However, official North Korean sources consider October 10, 1945 as the 'Party Foundation Day', citing a founding meeting of the 'North Korea Bureau of the Communist Party of Korea'. Foreign historians, however, dispute that date and claim that the meeting was in fact held on October 13. The party considers itself as a direct continuation of the North Korea Bureau and the Workers Party of North Korea, considering the two congresses of the Workers Party of North Korea as its own. This version of events can be seen as a move to downplay the importance of the communists from South Korea, who were purged in the 1950s.
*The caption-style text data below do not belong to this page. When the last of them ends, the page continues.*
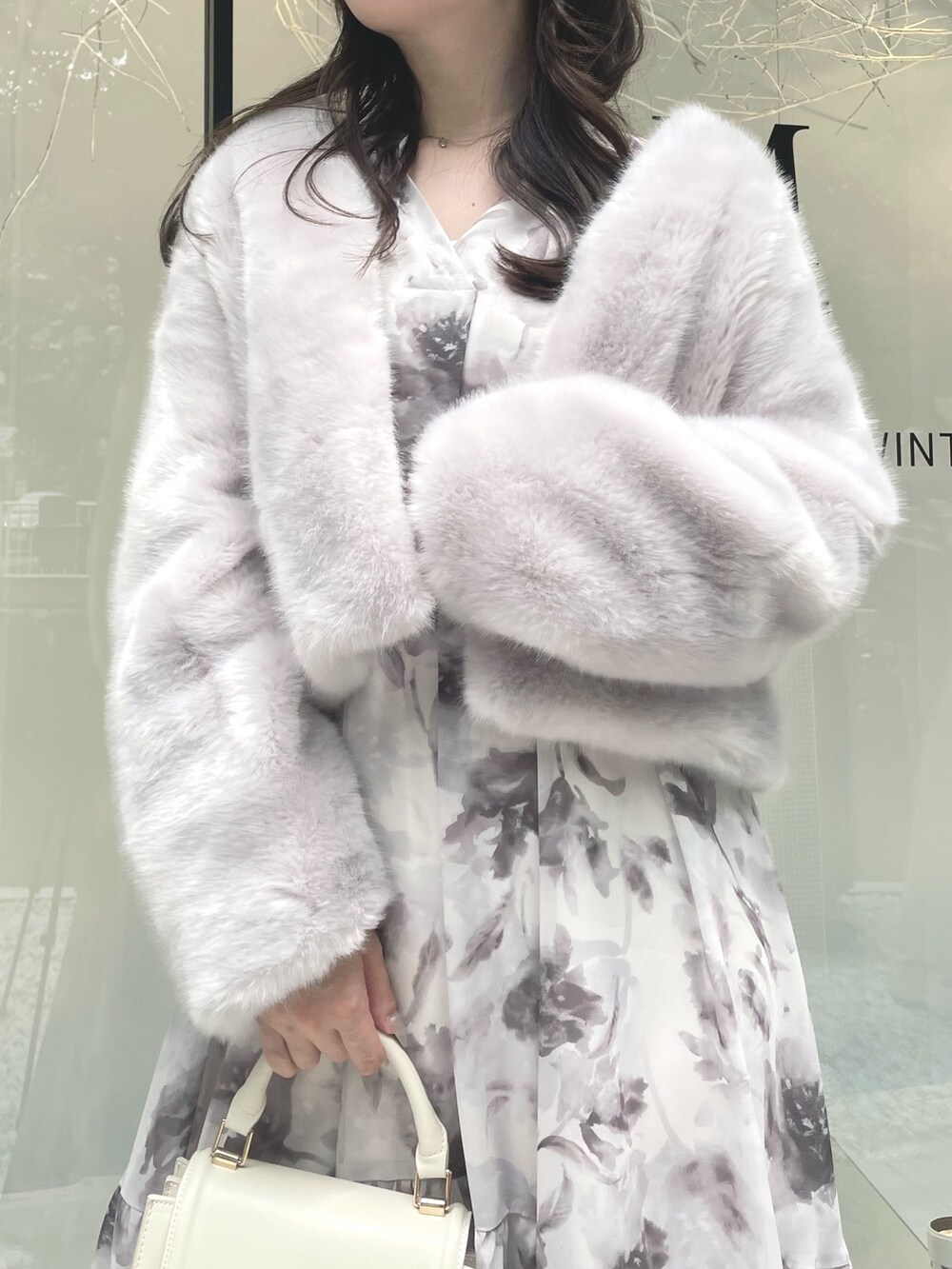 ホワイト系のハンドバッグ、ブラウン系のブーツ、グレー系のその他アウターを着用したレディースの夏コーディネートの3枚目の写真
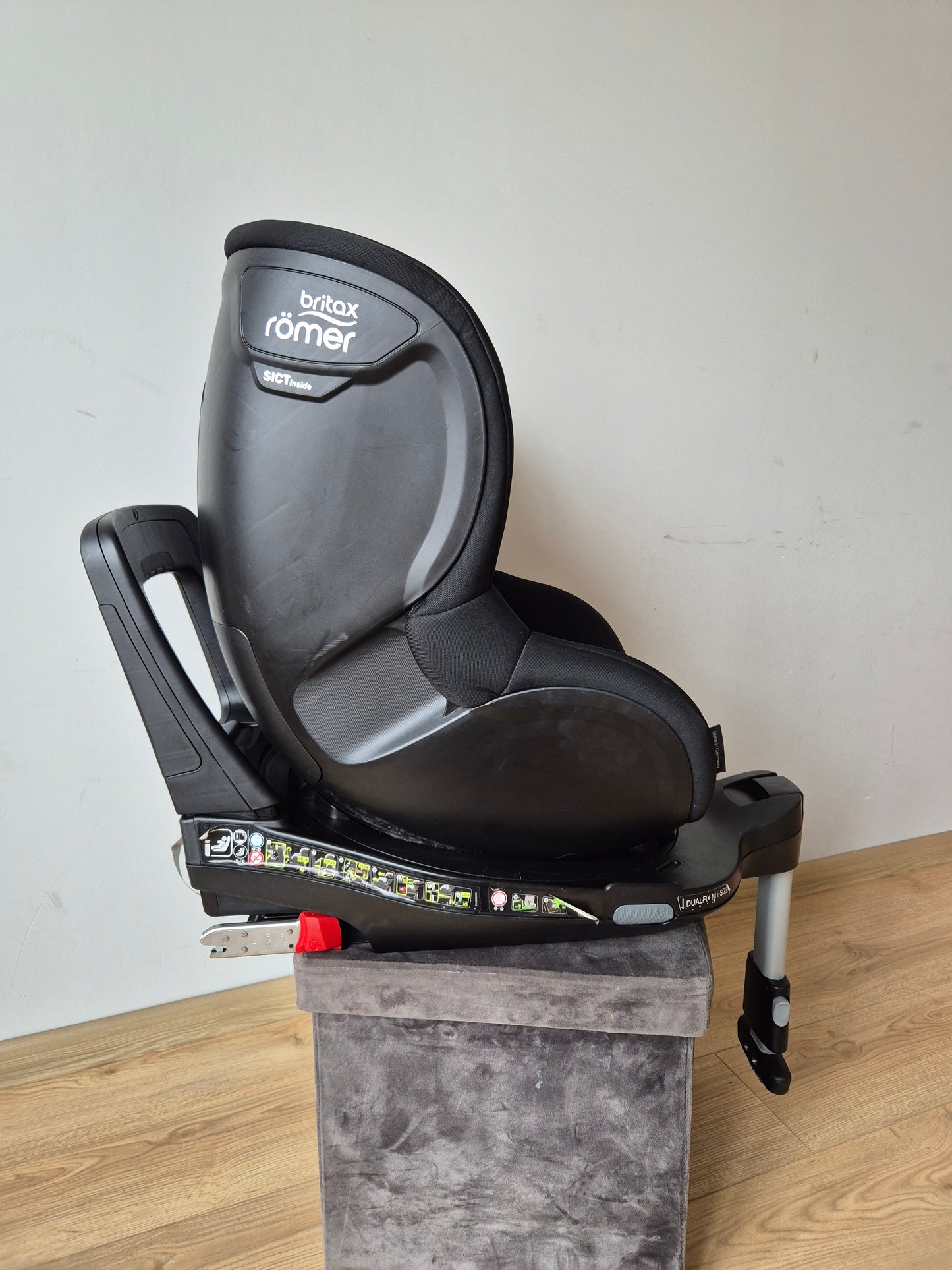 Britax Romer DualFix M i-Size 0-18kg.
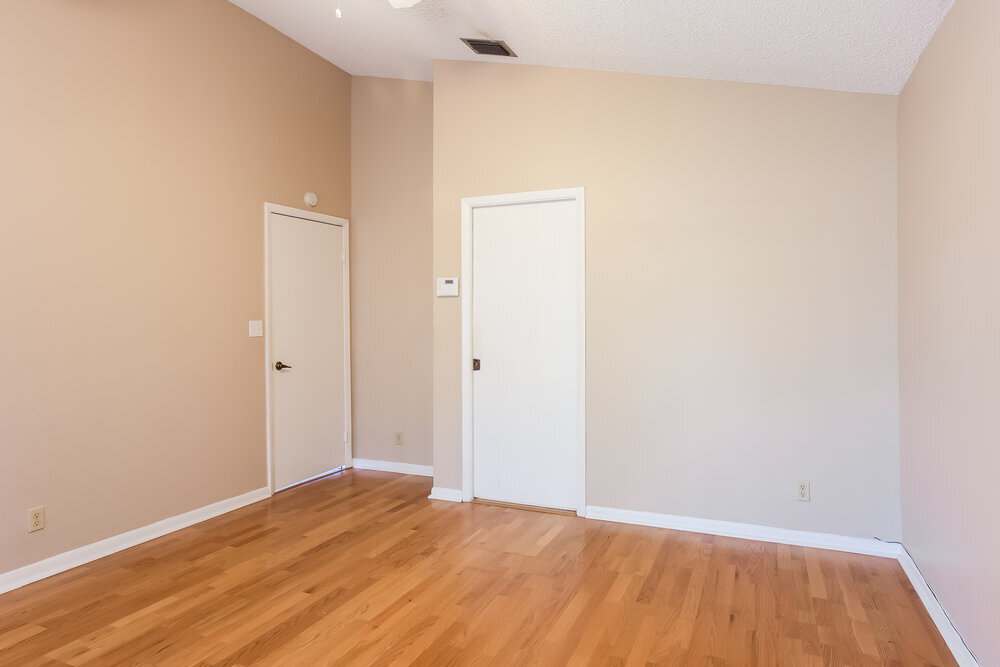 Building Photo - 18811 La Costa Ln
The first five years of the WPK's rule were dominated by the Korean War. By October 1950 United Nations forces had occupied most of the DPRK and the WPK leadership had to flee to China. Many believe that if it had not been for Chinese intervention, the Korean communists would have been militarily defeated at that point. But in November, Chinese forces entered the war and threw the U.N. forces back, retaking Pyongyang in December and Seoul in January 1951. In March U.N. forces retook Seoul, and the front was stabilised along what eventually became the permanent "Armistice Line" of 1953. The WPK was able to re-establish its rule north of this line.

Factions in the WPK

As the Workers' Party of Korea, and its two founding parties, had emerged through a series of mergers, it contained various competing factions. At the time of its foundation, the party was made up of four factions, the Soviet Koreans faction, the Domestic faction, the Yanan (or Chinese) faction and the Guerrilla faction.

  • The Soviet Koreans, led first by Alexei Ivanovich Hegay and then by Pak Chang Ok were made up of waves of ethnic Koreans who were born or raised in Russia after their families moved there starting in the 1870s. Some of them had returned to Korea covertly as Communist operatives in the twenties and thirties but most were members of the Red Army or civilians who were stationed in North Korea following World War II to help the Red Army establish a Soviet satellite. Many came as translators or as Russian language instructors.
  • The Domestic faction, led by Pak Hon-yong were Korean Communists who never left the country but engaged in a struggle against the Japanese occupation. Many members of the domestic faction had spent time in Japanese military prisons as a result of their activities.
  • The Yanan faction, led first by Mu Chong and then by Kim Tu-bong and Choe Chang-ik, were those Korean exiles who had lived in China's Shaanxi province and joined the Communist Party of China whose regional headquarters were at Yan'an. They had formed their own party, the North-Chinese League for the Independence of Korea, and when they returned to North Korea from exile they formed the New People's Party which merged with the North Korean Bureau to form the Workers Party of North Korea. Many members of the Yanan faction had fought in the Chinese 8th and New 4th Armies and thus had close relations with Mao Zedong.
  • The Guerrilla faction, led by Kim Il-sung, was made up of former Korean guerillas who had been active in Manchuria after it was occupied by Japan in 1931. Many in this group ended up fleeing Manchuria, as their armed resistance was suppressed, and moved to the Soviet Union where many of them, including Kim, were drafted into the Red Army.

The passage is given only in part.